Alison has discussed the beginnings of our campaign as well as the spectrum of online misogyny. Before I speak to some of the specific examples of online abuse brought to the attention of EOM, I want to talk about some wider examples of the consequences of online harassment and stalking in terms of women’s access to online support.
The increase in cyber stalking and online bullying is eradicating what should have been safe-spaces and succeeds only in further isolating women.
There are a number of parenting sites based in the UK that are dominated by women. These function as both support sites and places just to “hang out”. Whilst the positive impact of these sites for women cannot be underestimated, they can also be used as ways of controlling women’s behaviour.
Despite anonymity, abusive men have managed to track down their partners and stalk them online. There have been a small number of cases wherein abusive men have threatened to use women’s as “evidence” of a woman’s “unfitness” to parent in court. The threat has been sufficient to result in a number of women having to have their entire posting histories removed because of stalking by violent ex-partners. While this may sound inconsequential to those with offline support, for women who depend on parenting websites the removal of an entire posting history is detrimental to their emotional welfare.
More commonly, sites like Mumsnet which have an active feminist community, are also targets for abusive men targeting any vulnerable women. Abusive men have taken to posting on the relationships board. Very frequently, posts on the relationships board are by women in abusive relationships asking for support or simply for someone to name what is happening to them, especially around the issue of rape in marriage.Abusive men post on these threads in order to minimise male violence but equally to gaslight women into believing that they are over-reacting to the abuse. Unfortunately, some women do collude with the abusive men although in many cases these are women who are not yet ready to confront the abuse in their own relationships.
The relationships board on Mumsnet is perhaps one of the safest feminist spaces online. The abusive men get very short shift from long-term posters but the fact of the matter is that these men, either singly, or from “invasions” of men from Fathers4Justice, Reddit, and a number of “car enthusiast” sites are deliberately targeted mostly women spaces in order to harass and stalk women.
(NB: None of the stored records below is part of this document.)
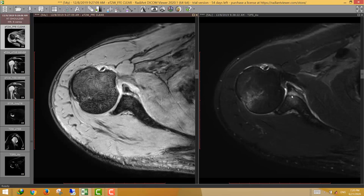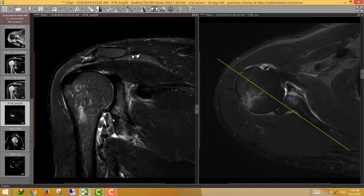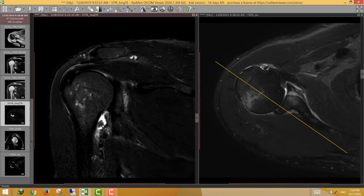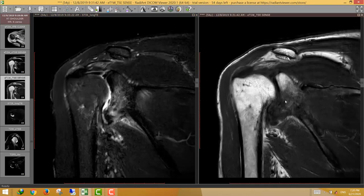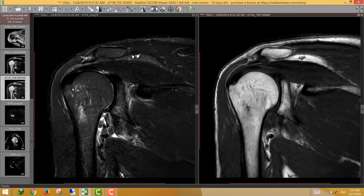In cases of shoulder dislocation and Bankart lesion, look for the underlying osseous fracture and the posterolateral humeral head for Hill-Sachs. Also look for the inferior glenohumeral ligament. Here there is disruption of the inferior glenohumeral ligament from its humeral attachment, with fluid in the axillary recess spilling into the axillary region — confirming humeral avulsion of the inferior glenohumeral ligament (HAGL lesion), common in shoulder dislocation. The joint effusion appears relatively high signal on T1, indicating hemorrhagic joint effusion.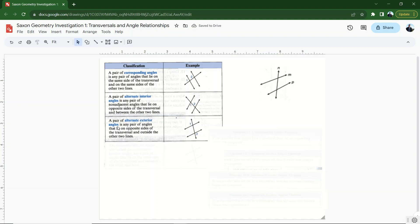Next, we're going to look at alternate exterior angles — same concept, except now we're on the outside of the other two lines. Alternate exterior angles are on opposite sides of the transversal and on the outside of those two lines, not between them. So we'd have one angle here on the outside, and then another on the other side of the transversal, also outside the two lines. There are two pairs of alternate exterior angles for every transversal, and they must also be non-adjacent to each other.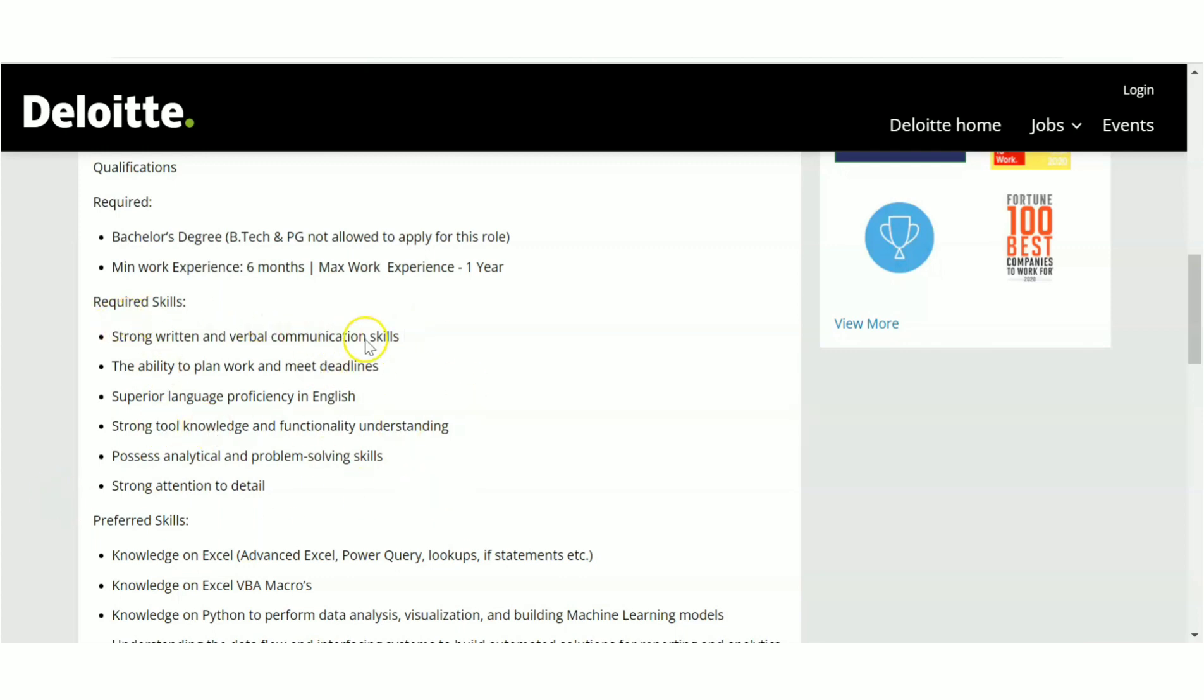You should be having strong verbal and communication skills, ability to plan work and meet deadlines. You should be having basically communication skills and good time management skills, learning ability. That is the requirement.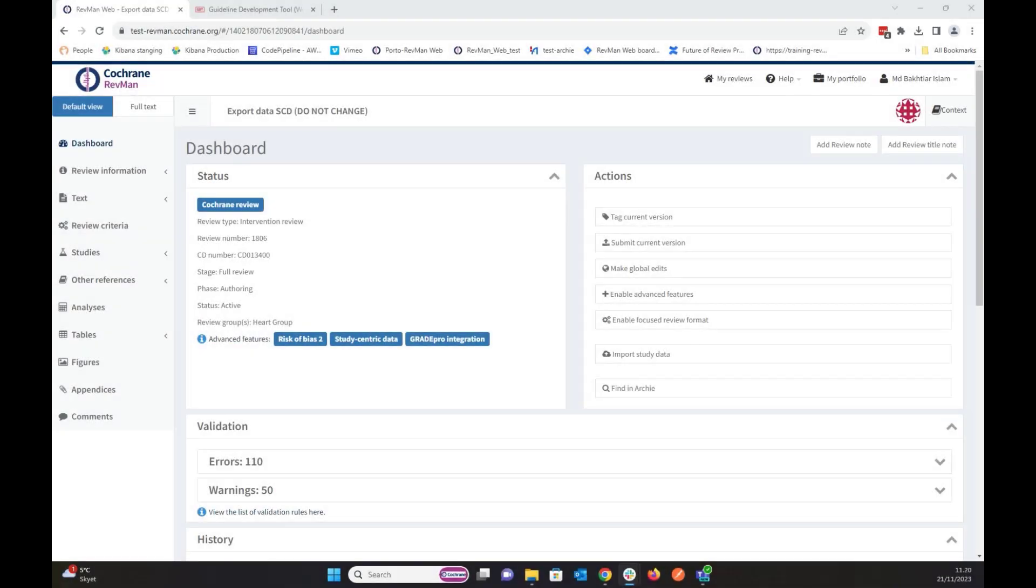I will show you today how, as a non-Cochrane user, one can export the analysis from RevMan and import it in GradePro and create a table out of it.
Sometimes it is to target women they know but frequently it is just to harass random women on the internet. These men do not make outright threats of violence but their behaviour is clearly designed to harass women.
[Massively Multi-Player Online Role-Playing Game and First Person shooter with multi-player functionality]
The misogyny within the online gaming community is well documented with women frequently being targeted with abusive language, sexually explicit language and, increasingly, threats of sexual violence. Many multi-player online games have chat functions which can, and are, used by abusive men to send threats of sexual violence and abusive language. Along with female avatars, which consistently present women as sexually objectified, online games allow male players a space to sexually harass women. Stalking has become an increasingly common phenomenon. I have heard numerous stories of teenage girls pretending to male when playing these games in order to stave off sexual harassment from adult men.
Facebook’s toleration of online misogyny and abuse is equally well documented. The secret and closed group function on Facebook could have been a very safe space for women to interact, however, Facebook has made it perfectly clear that the safety of women is not their concern. They allow pages threatening rape to be posted. “Revenge porn” pages are abundant and Facebook has refused to remove videos of women being raped.
The recent campaign against Facebook’s problem with misogyny led them to acknowledge that it has a problem but without actually doing anything about it. Instead of being a safe space, Facebook has made it clear that they are only interested in protecting men’s rights to sexually humiliate, stalk, harass and threaten women.
As Alison mentioned, our campaign was in a direct response to the attack on Caroline Criado-Perez, however abuse of women on twitter is not new. The woman raped by Ched Evans was the victim of a coordinated attack by Evans supporters which included releasing her name online. EDL members have a well documented history of sending racist and misogynistic threats to women. There are literally hundreds of thousands of examples of twitter accounts opened with the express purpose of abusing women and which twitter has consistently refused to close.
These are just a selection of abusive tweets that have been brought to the attention of EOM in the past few weeks. I have redacted names for this paper.
- Oh, I’ll rape you so hard, you’ll forget your name.
- All, I can think of is [redacted] fat pussy rubbing against my ass cheeks. Dem cheeszy skidmarks
- Ironic you show a fist, as you’re quite partial to a bit of fisting you ugly fat trollop. Still can’t feel it in your big vag.
- #DearTerfs I hope you all die in a fire. You don’t deserve to be called “women”
I won’t mention anymore as Caroline has already presented a selection of the horrific abuse directed at her.
The fact that twitter allows this abuse to continue unabated and flat out refuses to permanently ban violent men from sending threats makes Twitter another unsafe online space.
We are #shoutingback because no woman deserves abuse.
We are #shoutingback to show just how common online harassment of women actually is.
We are #shoutingback because women are human too.